Ob oder wie sich die Produktion eigener MicroLED-Panels langfristig auf Apples Geschäftsbeziehungen zu Display-Herstellern wie Samsung, Japan Display oder LG auswirken wird, bleibt abzuwarten. Es erscheint gegenwärtig zumindest nicht sehr wahrscheinlich, dass Apple in dem erwähnten Werk in Kalifornien Displays für die Apple Watch in millionenfacher Ausführung herstellen wird, und auch der Bloomberg-Artikel führt entsprechendes an. Gurman vermutet, der Konzern werde die eigenen MicroLED-Panels so lange wie nur möglich komplett unter Verschluss halten, um sie dann zu einem geeigneten Zeitpunkt doch von einem Auftragsfertiger in Asien in Serien produzieren zu lassen.

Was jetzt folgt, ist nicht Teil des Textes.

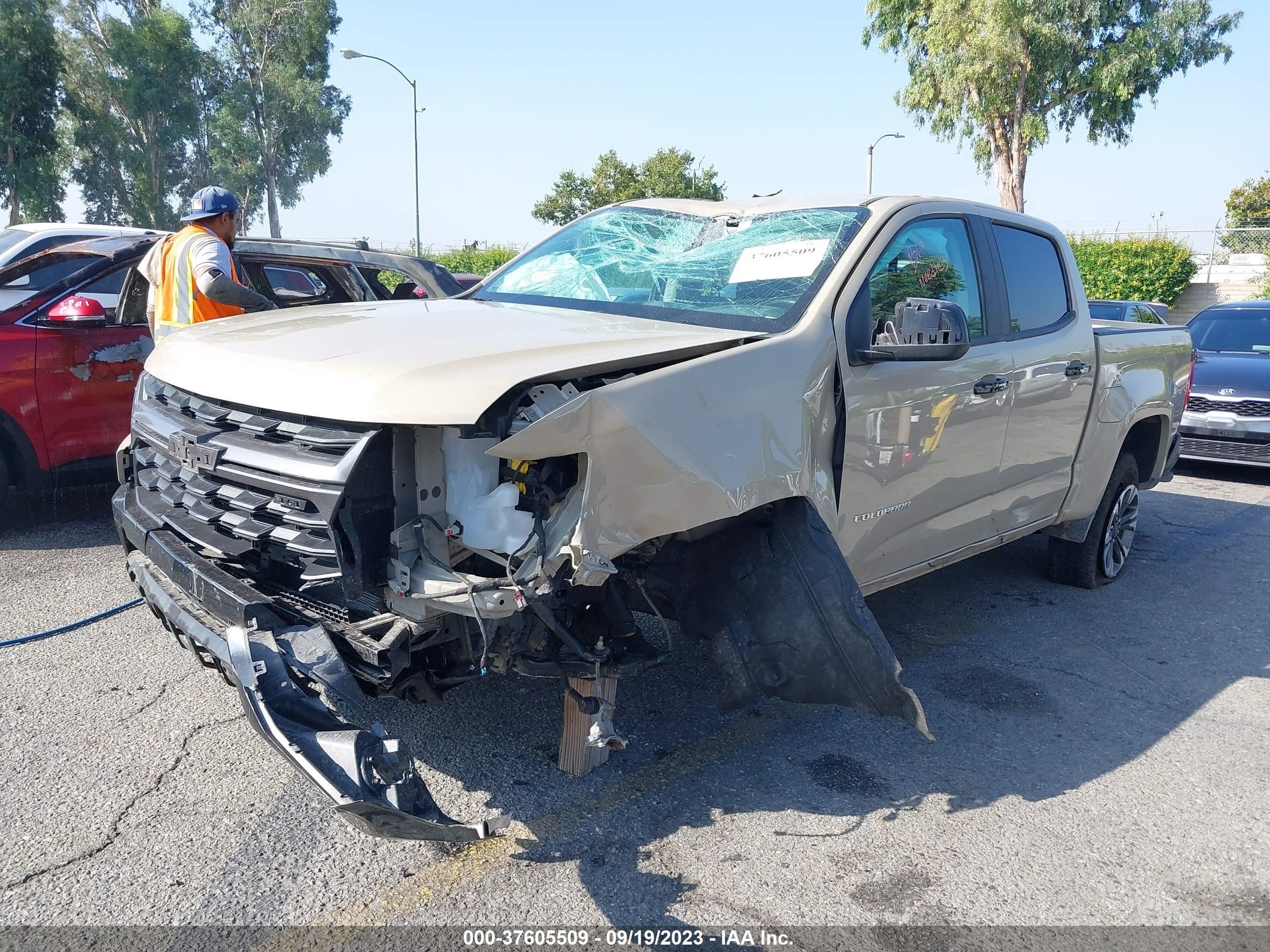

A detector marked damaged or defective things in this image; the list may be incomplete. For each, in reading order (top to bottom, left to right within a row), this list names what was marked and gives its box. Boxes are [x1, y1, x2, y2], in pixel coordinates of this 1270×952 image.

damaged tan pickup truck [114, 195, 1194, 843]
burned vehicle [114, 195, 1194, 843]
shattered windshield [472, 205, 868, 332]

In Anbetracht der Spekulationen rund um Apples Display-Ambitionen und künftige Apple Watch- sowie iPhone-Generationen ist abschließend noch anzumerken, dass Gegenwart und unmittelbare Zukunft der OLED-Technologie gehören. Die Apple Watch wird seit der Markteinführung mit einem entsprechenden Display bestückt und mit dem iPhone X brachten die Kalifornier erst im vergangenen November ihr allererstes iPhone-Modell mit OLED-Panel auf den Markt. Die Gerüchteküche rechnet nun beispielsweise fest mit einem direkten Nachfolger für dieses Smartphone sowie einem größeren Schwestermodell mit 6,5 Zoll OLED-Display für dieses Jahr.